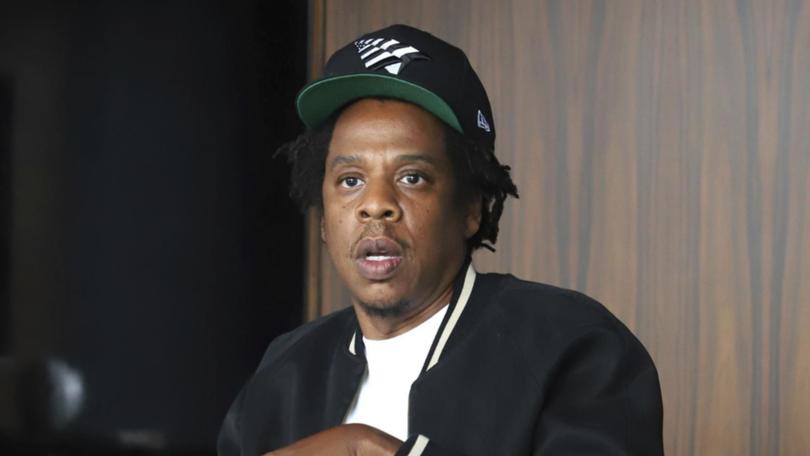 Rapper Jay-Z also alleges his rape accusation has harmed his ability to pursue new opportunities.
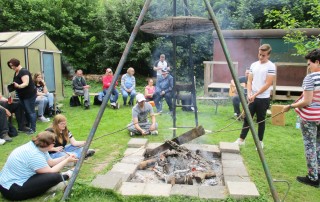 Nutzer und Mitarbeiter der Lebenshilfe Neuss machen Stockbrot im Freien an einer großen Feuerstelle.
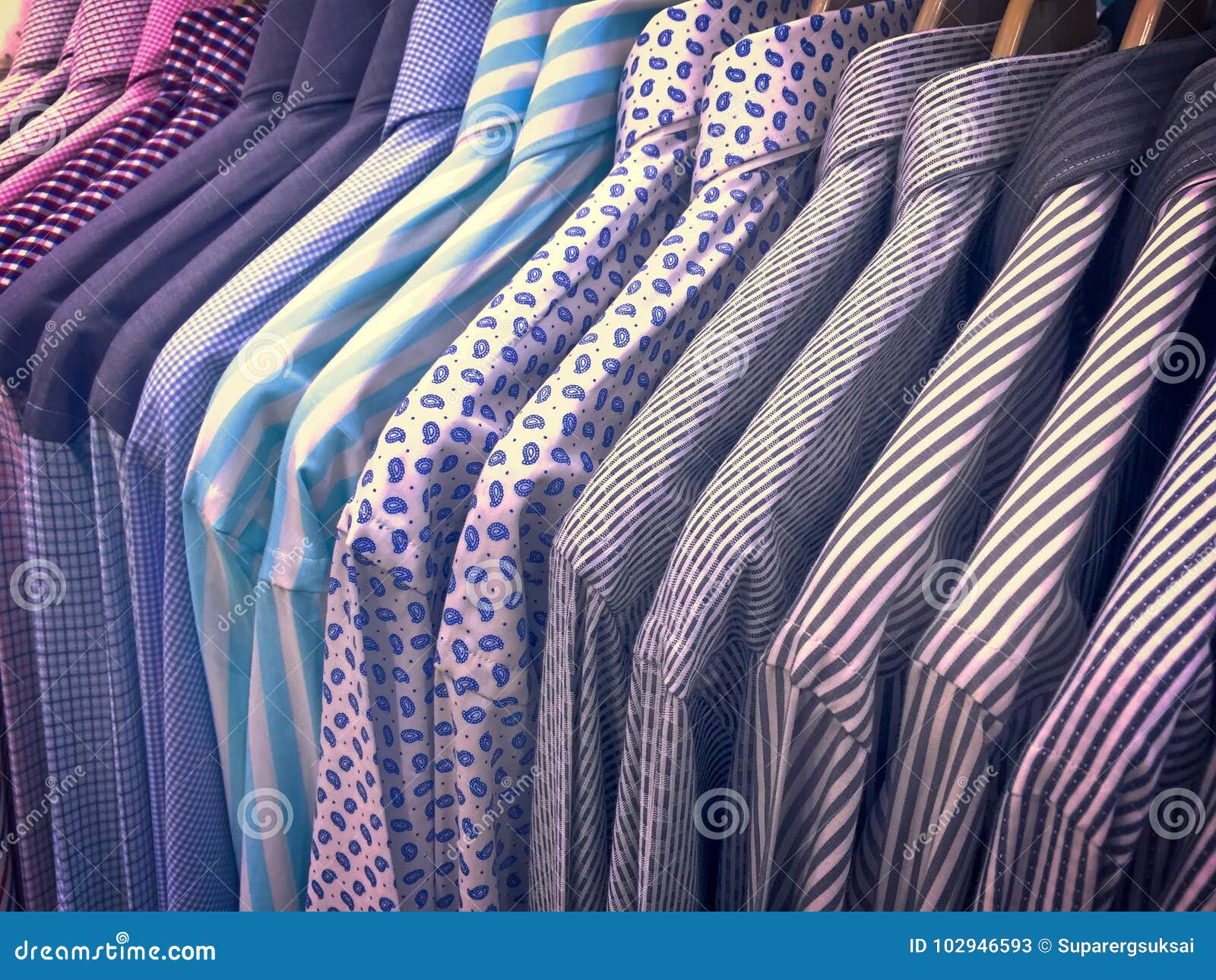 male analogy Receiver Men`s Long Sleeve Patterned Shirts on Rack Stock Image - Image of sleeve,  collection: 102946593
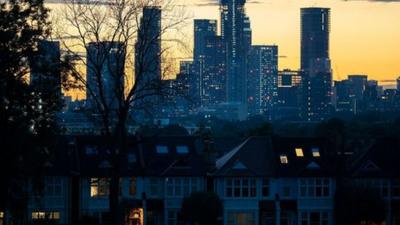 A night view of tower blocks over London.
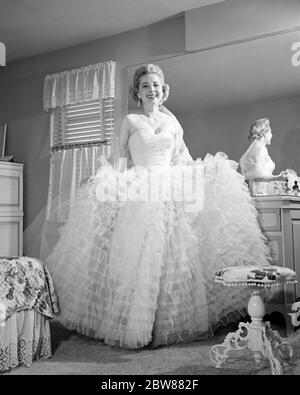 1950S 1960S LÄCHELNDE FRAU BLICK AUF KAMERA DURCH SCHLAFZIMMER SPIEGEL IN FORMELLE KLEIDUNG GEKLEIDET GEKRÄUSELT ABENDKLEID - F5433 DEB001 HARS HOME LIFE KOPIE RAUM IN VOLLER LÄNGE DAMEN PERSONEN B & W AUGE KONTAKT GLÜCK STILE AUFREGUNG NIEDRIGEN WINKEL ANLASS STOLZ LÄCHELT TRÄGERLOSEN FREUDIGEN RÜSCHEN STILVOLLE KLEIDUNG DEB001 MODE MITTE ERWACHSENE MITTE ERWACHSENE FRAU GEKRÄUSELT SCHWARZ-WEISS KAUKASISCHE ETHNIZITÄT IM VORDERGRUND ALTMODISCH Stockfoto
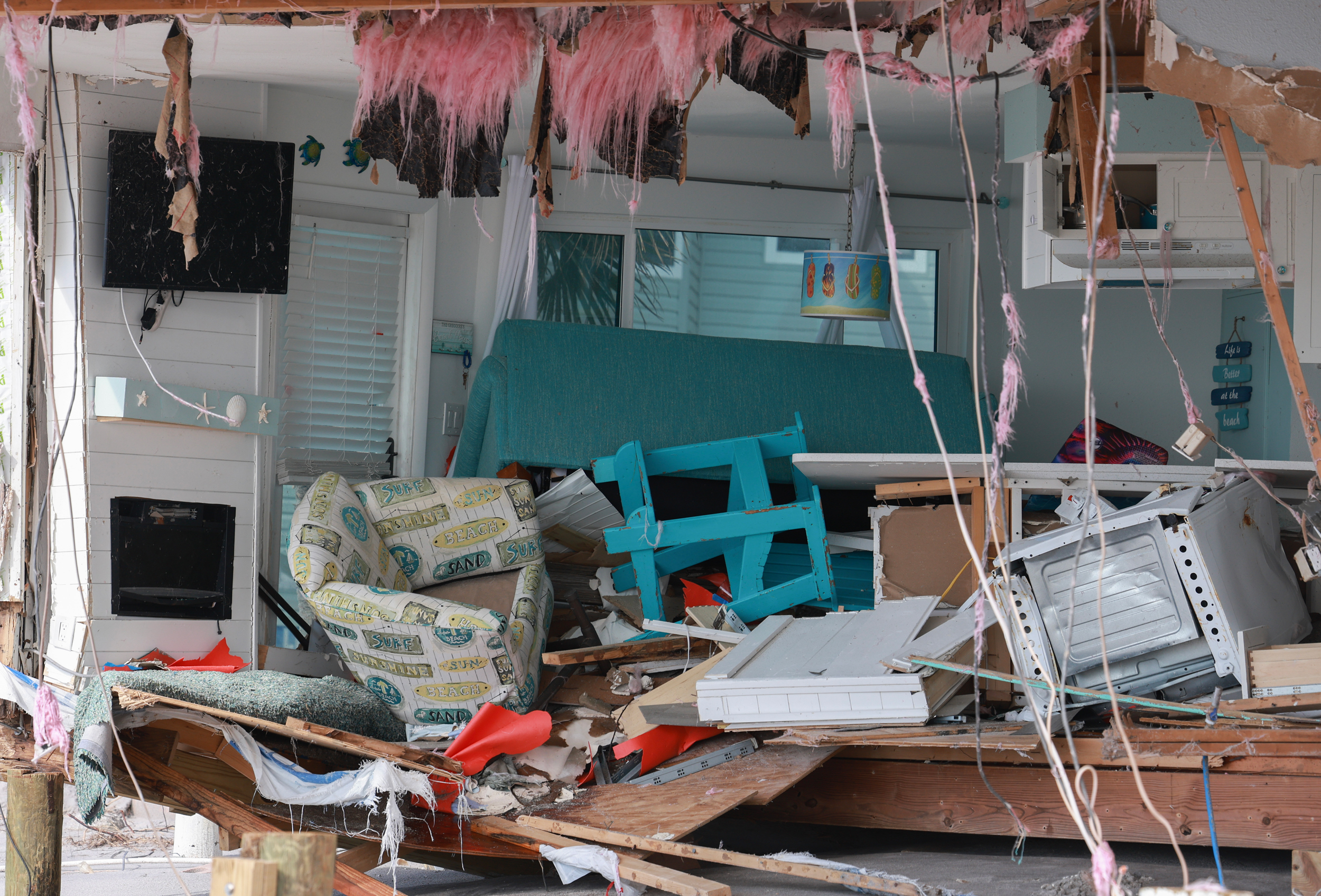 A home that was damaged by Hurricane Milton is seen on Oct. 13 in Manasota Key, Fla. People continue to recover following the storm that made landfall as a Category 3 hurricane in the Siesta Key area on Oct. 9. Credit: Joe Raedle/Getty Images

****

* ABOUT THIS EXERCISE: The required output is every line of the data above, set down exactly and stripped of pictures.

* ANSWER SPACE:
 Rapper Jay-Z also alleges his rape accusation has harmed his ability to pursue new opportunities.
 Nutzer und Mitarbeiter der Lebenshilfe Neuss machen Stockbrot im Freien an einer großen Feuerstelle.
 male analogy Receiver Men`s Long Sleeve Patterned Shirts on Rack Stock Image - Image of sleeve,  collection: 102946593
 A night view of tower blocks over London.
 1950S 1960S LÄCHELNDE FRAU BLICK AUF KAMERA DURCH SCHLAFZIMMER SPIEGEL IN FORMELLE KLEIDUNG GEKLEIDET GEKRÄUSELT ABENDKLEID - F5433 DEB001 HARS HOME LIFE KOPIE RAUM IN VOLLER LÄNGE DAMEN PERSONEN B & W AUGE KONTAKT GLÜCK STILE AUFREGUNG NIEDRIGEN WINKEL ANLASS STOLZ LÄCHELT TRÄGERLOSEN FREUDIGEN RÜSCHEN STILVOLLE KLEIDUNG DEB001 MODE MITTE ERWACHSENE MITTE ERWACHSENE FRAU GEKRÄUSELT SCHWARZ-WEISS KAUKASISCHE ETHNIZITÄT IM VORDERGRUND ALTMODISCH Stockfoto
 A home that was damaged by Hurricane Milton is seen on Oct. 13 in Manasota Key, Fla. People continue to recover following the storm that made landfall as a Category 3 hurricane in the Siesta Key area on Oct. 9. Credit: Joe Raedle/Getty Images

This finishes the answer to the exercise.